- [Directions] Would you reproduce each of the records below precisely, with the pictures left out?

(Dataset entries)

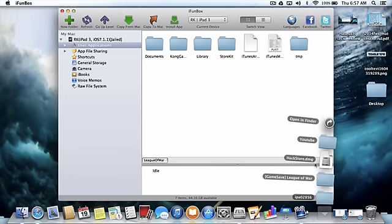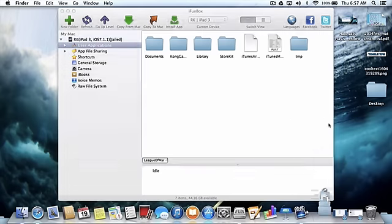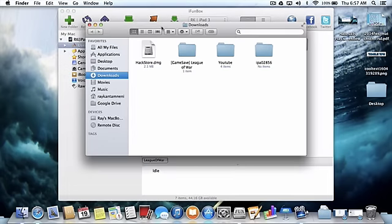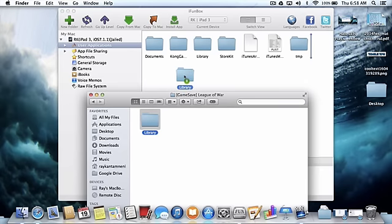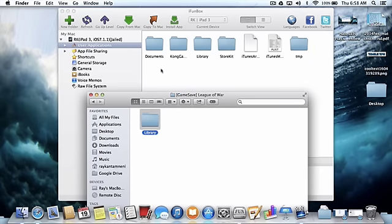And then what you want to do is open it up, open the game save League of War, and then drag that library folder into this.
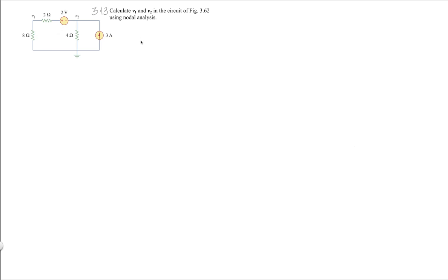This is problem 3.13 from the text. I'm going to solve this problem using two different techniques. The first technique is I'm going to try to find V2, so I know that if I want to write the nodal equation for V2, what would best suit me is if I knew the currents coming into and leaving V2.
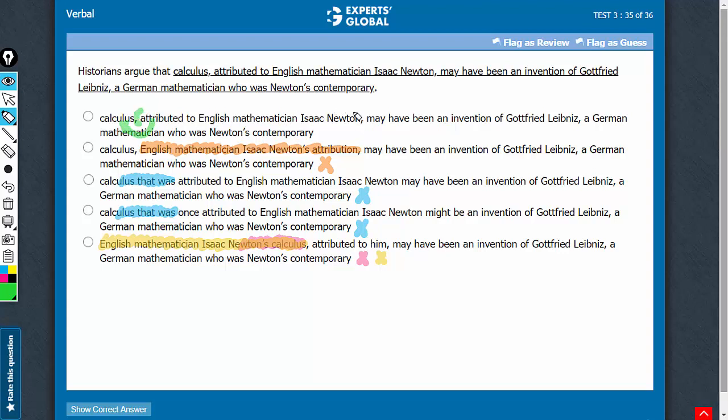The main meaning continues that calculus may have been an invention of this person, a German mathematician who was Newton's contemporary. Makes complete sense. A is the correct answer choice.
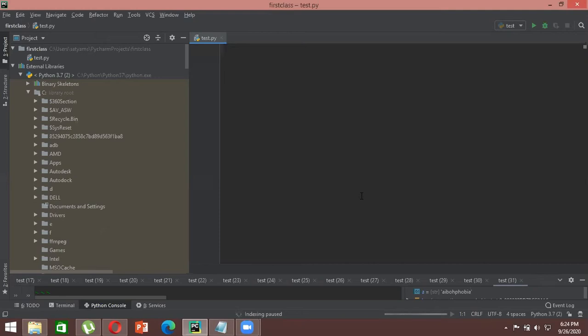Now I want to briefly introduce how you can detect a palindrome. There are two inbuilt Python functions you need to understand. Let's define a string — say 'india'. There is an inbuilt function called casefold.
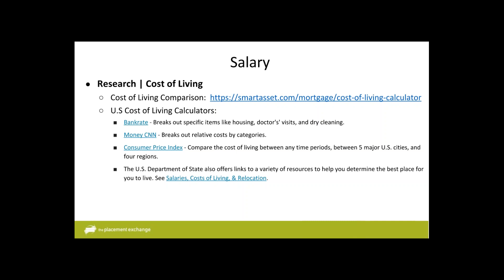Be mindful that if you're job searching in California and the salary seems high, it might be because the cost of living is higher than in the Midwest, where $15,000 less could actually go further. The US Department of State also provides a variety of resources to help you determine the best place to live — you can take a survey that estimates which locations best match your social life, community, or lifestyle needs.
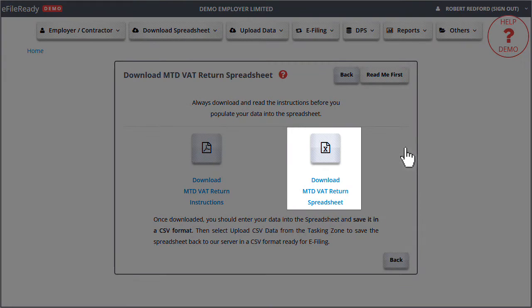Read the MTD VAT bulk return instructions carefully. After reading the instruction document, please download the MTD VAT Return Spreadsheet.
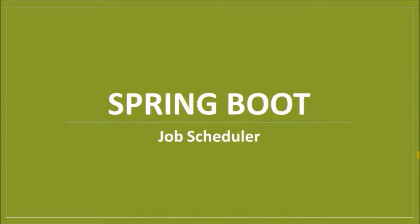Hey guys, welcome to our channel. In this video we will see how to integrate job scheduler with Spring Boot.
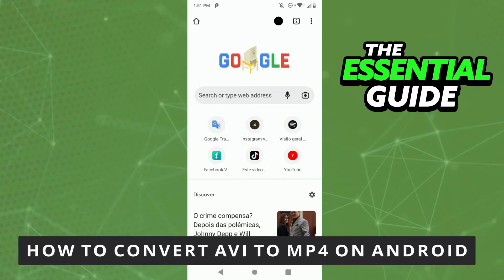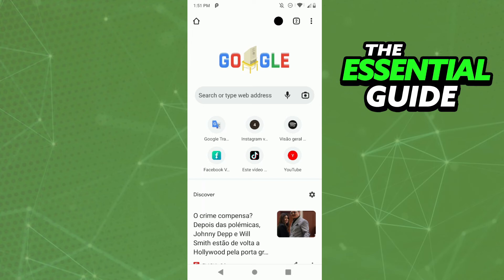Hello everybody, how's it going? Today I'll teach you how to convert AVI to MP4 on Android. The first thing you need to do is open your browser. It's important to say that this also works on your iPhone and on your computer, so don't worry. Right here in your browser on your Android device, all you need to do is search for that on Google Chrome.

- [Response below]
And then what you want to do is open it up, open the game save League of War, and then drag that library folder into this.
This is problem 3.13 from the text. I'm going to solve this problem using two different techniques. The first technique is I'm going to try to find V2, so I know that if I want to write the nodal equation for V2, what would best suit me is if I knew the currents coming into and leaving V2.
The main meaning continues that calculus may have been an invention of this person, a German mathematician who was Newton's contemporary. Makes complete sense. A is the correct answer choice.
Now I want to briefly introduce how you can detect a palindrome. There are two inbuilt Python functions you need to understand. Let's define a string — say 'india'. There is an inbuilt function called casefold.
Be mindful that if you're job searching in California and the salary seems high, it might be because the cost of living is higher than in the Midwest, where $15,000 less could actually go further. The US Department of State also provides a variety of resources to help you determine the best place to live — you can take a survey that estimates which locations best match your social life, community, or lifestyle needs.
Read the MTD VAT bulk return instructions carefully. After reading the instruction document, please download the MTD VAT Return Spreadsheet.
Hey guys, welcome to our channel. In this video we will see how to integrate job scheduler with Spring Boot.
Hello everybody, how's it going? Today I'll teach you how to convert AVI to MP4 on Android. The first thing you need to do is open your browser. It's important to say that this also works on your iPhone and on your computer, so don't worry. Right here in your browser on your Android device, all you need to do is search for that on Google Chrome.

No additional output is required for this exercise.